Esa Arcadia construida por los tradicionalistas a partir de Palma, tuvo su pintoresca descripción en las letras de los primeros valses de la joven Chabuca Granda[1] y obró como bálsamo para los oídos de una oligarquía herida de muerte.
Otro fue el caso de Mario Cavagnaro, que, perteneciente a una clase media que enviaba a sus hijos a la universidad, formó también parte de esa invasión provinciana de la capital. Quién sabe si fueron la confluencia de la bohemia sanmarquina, la popularidad del tango lunfardesco o la aparición de la jerga popular en los titulares del diario “Última Hora”, el hecho es que tuvo el oído sensible y la audacia para incorporar en sus composiciones el lenguaje popular, acaso reñido con el casticismo que exigían los cánones de nuestra burguesía aristocratizante.
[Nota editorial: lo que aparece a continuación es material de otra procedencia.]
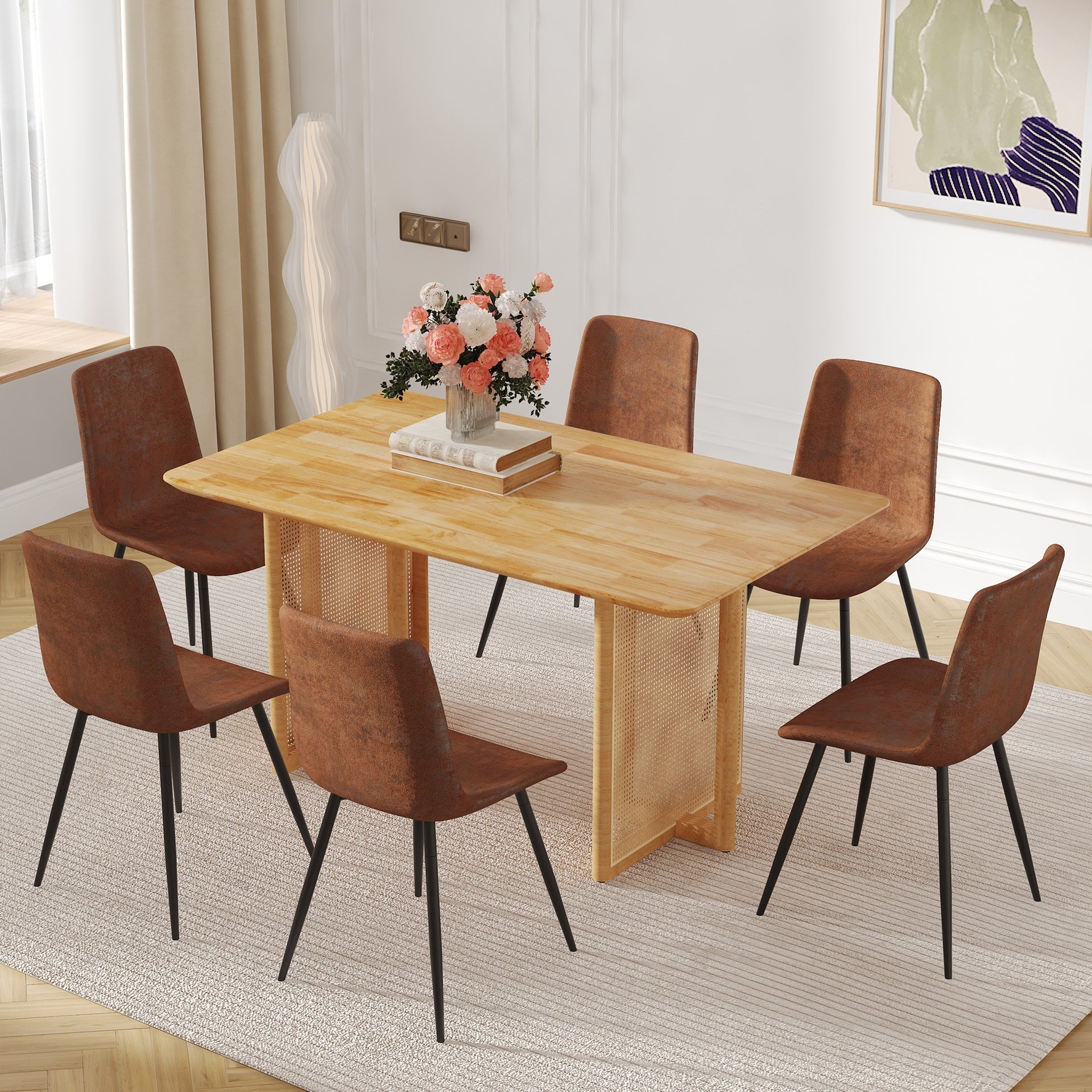 Table and chair set.Ancient Style Solid Wood Dining Table, Imitation Rattan Table Legs.6 Comfortable Technology-Fabric Brown Chairs With Curved Widened Cushion Design.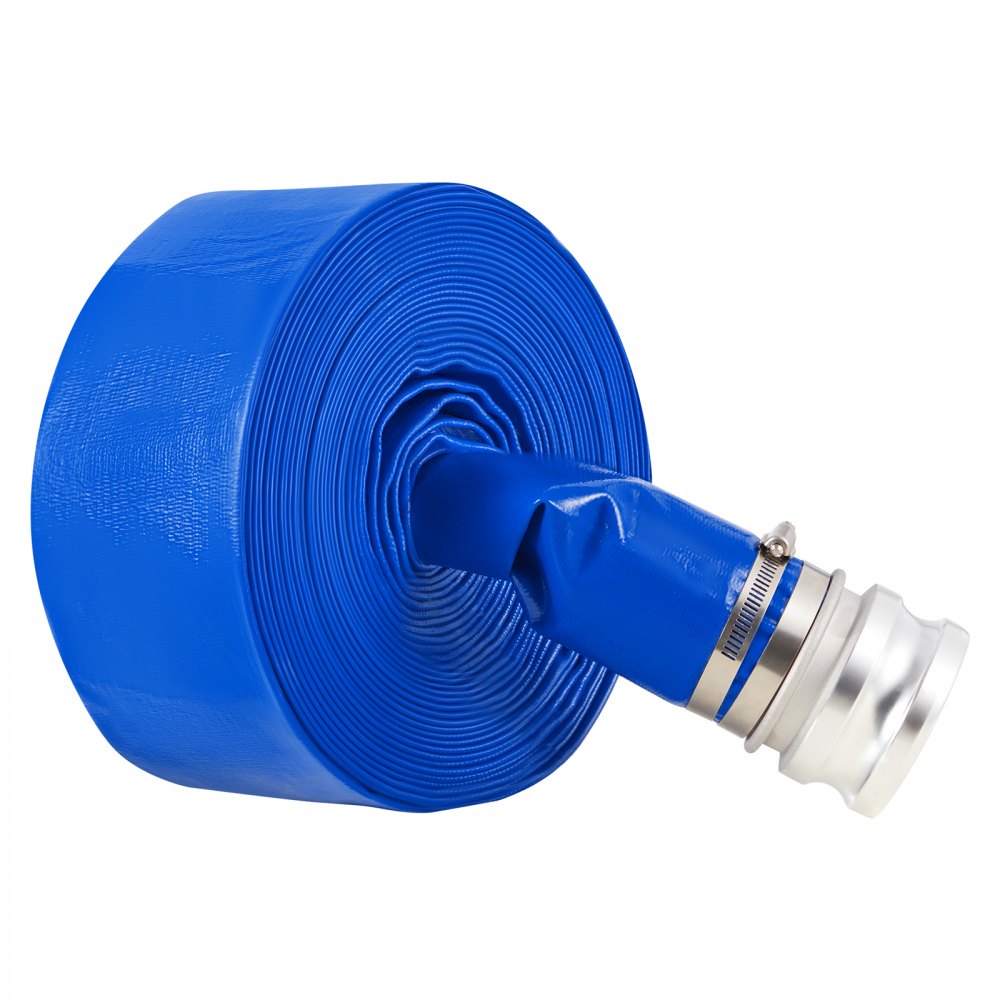 VEVOR flat hose, 76.2mm x 15.24m, wastewater hose, with clamps, camlock, aluminum fittings, suitable for various pumps, for wastewater treatment, water transport and other purposes
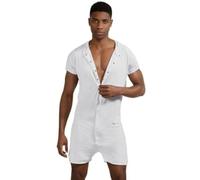 DLSMDOUS Pyjama Onesie à Manches Courtes pour Hommes Pyjama Une Pièce Sexy Combinaison Barboteuse Extensible pour Adultes Blanc XL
Entonces, a diferencia de otros, yo celebro en la obra de Cavagnaro no la tradición, sino su carácter corrosivo y dislocador, envuelto en la alegría pícara del que se burla del destino, su nueva manera de expresar los sentimientos que surgen de la adversidad y la miseria, cuando a la esperanza de una nueva vida, la trunca el desamor, el amor no correspondido o la traición. Celebro también su filiación proletaria y su solidaridad con el desarraigado y el marginal y la asunción de su lenguaje cifrado que, paradójicamente, exhibe las posibilidades ciertas de que florezca la alegría, es decir la criollísima jarana, en medio de la lucha por la sobrevivencia.
Bailemos de punta y taco,/ a quitarse el saco pa’ jaranear,/ luquiando siempre a la gila/ que no la vayan a paletear.
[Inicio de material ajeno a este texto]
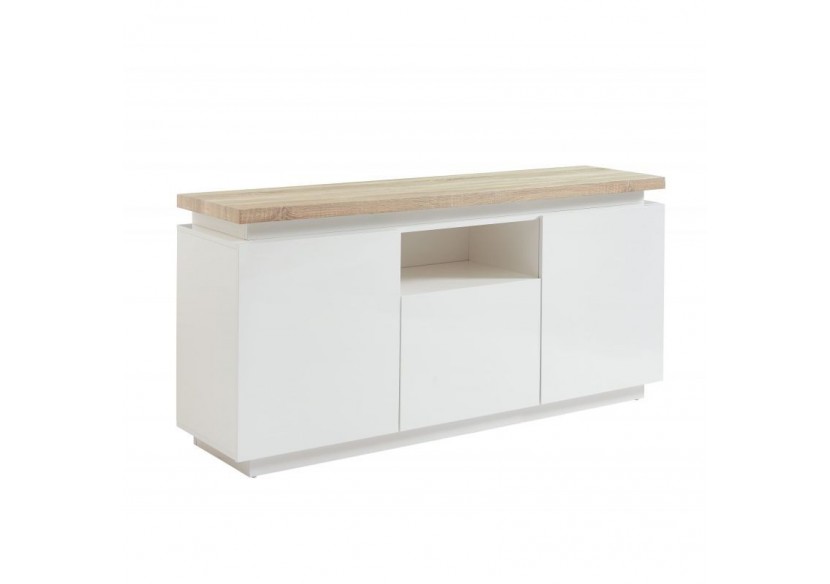Buffet à led COSMOS laqué blanc et effet chêne l160cm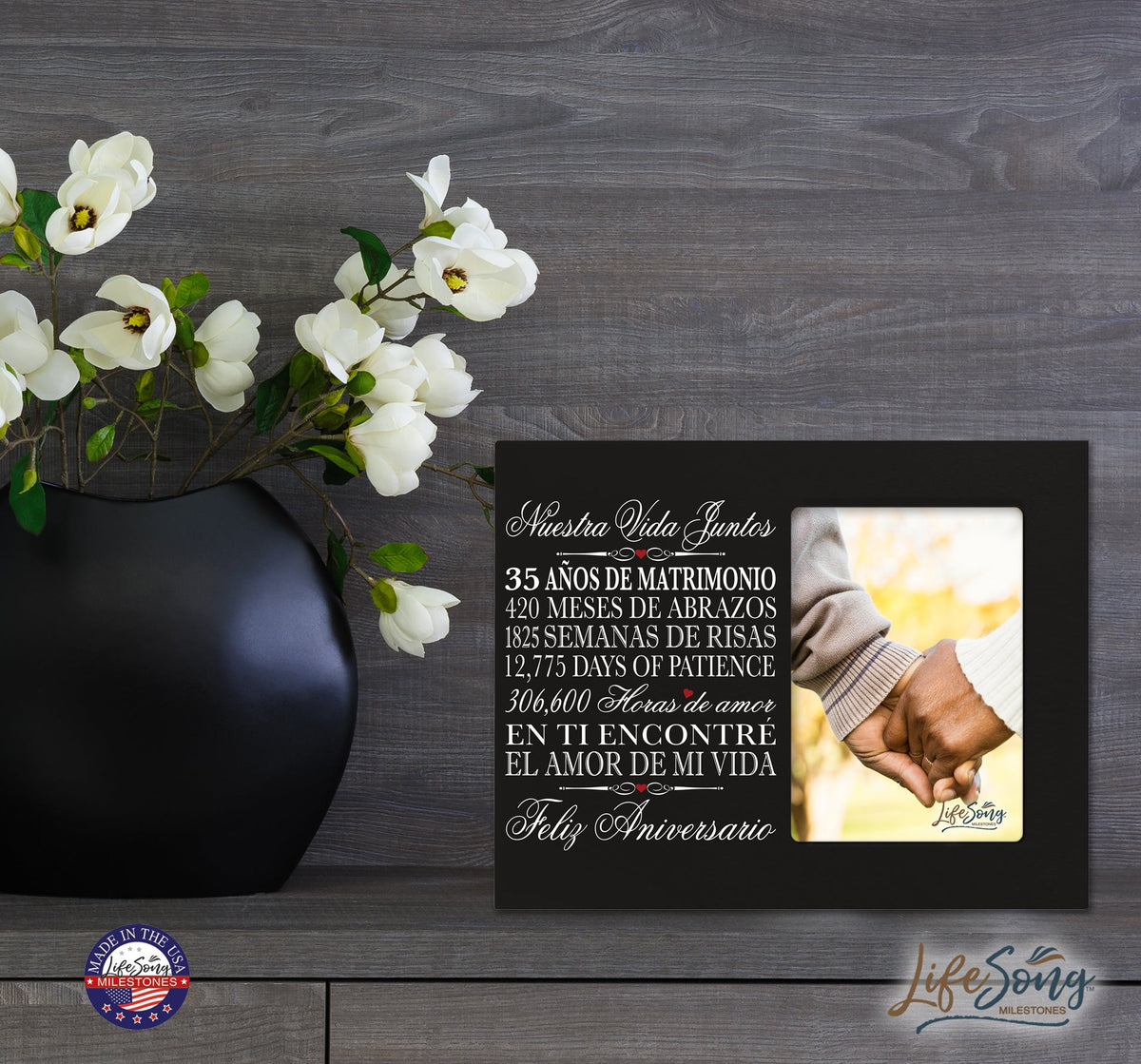 35th Wedding Anniversary Frame with wall hanging notch and stand. Perfect for displaying cherished memories.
No se haga de rogar, patita y párese otro pomo/ no crea usté compadre que ya me licorié/ si estoy con los crisoles rojimios es del llanto/ porque he llorao, carreta, por culpa de una mujer.
Cuando uno escucha música que despierta o conecta con sentimientos que parecían desconocidos, llega a la conclusión que la aplaudida obra de Yuval Noah Harare tiene un vacío cuando no precisa qué fue lo que desató la revolución cognitiva que transformó al homínido en homo sapiens. Y es que esa chispa creadora sólo puede haber estallado en el momento que nuestro primer Adán creó una melodía que sus hermanos repitieron con placer. A esa estirpe pertenece la música de Cavagnaro, como la de sus hermanos mayores Mozart o Brahms, Santos Discépolo o Agustín Lara: nos hace más humanos en la novedad de hacer verbo un cúmulo de sentimientos y nos hace más hermanos en la posibilidad de compartir el goce que trascienda la muerte.
Y finalmente, quiero decir que, a esa herencia innovadora de la tradición pertenecen los socios del Centro Musical Breña que desde hace décadas no sólo conservan y crean música criolla, sino también tienden puentes con las otras tradiciones musicales de la patria: la negra, la quechua, la aymara y sus mezclas y nuevas variedades.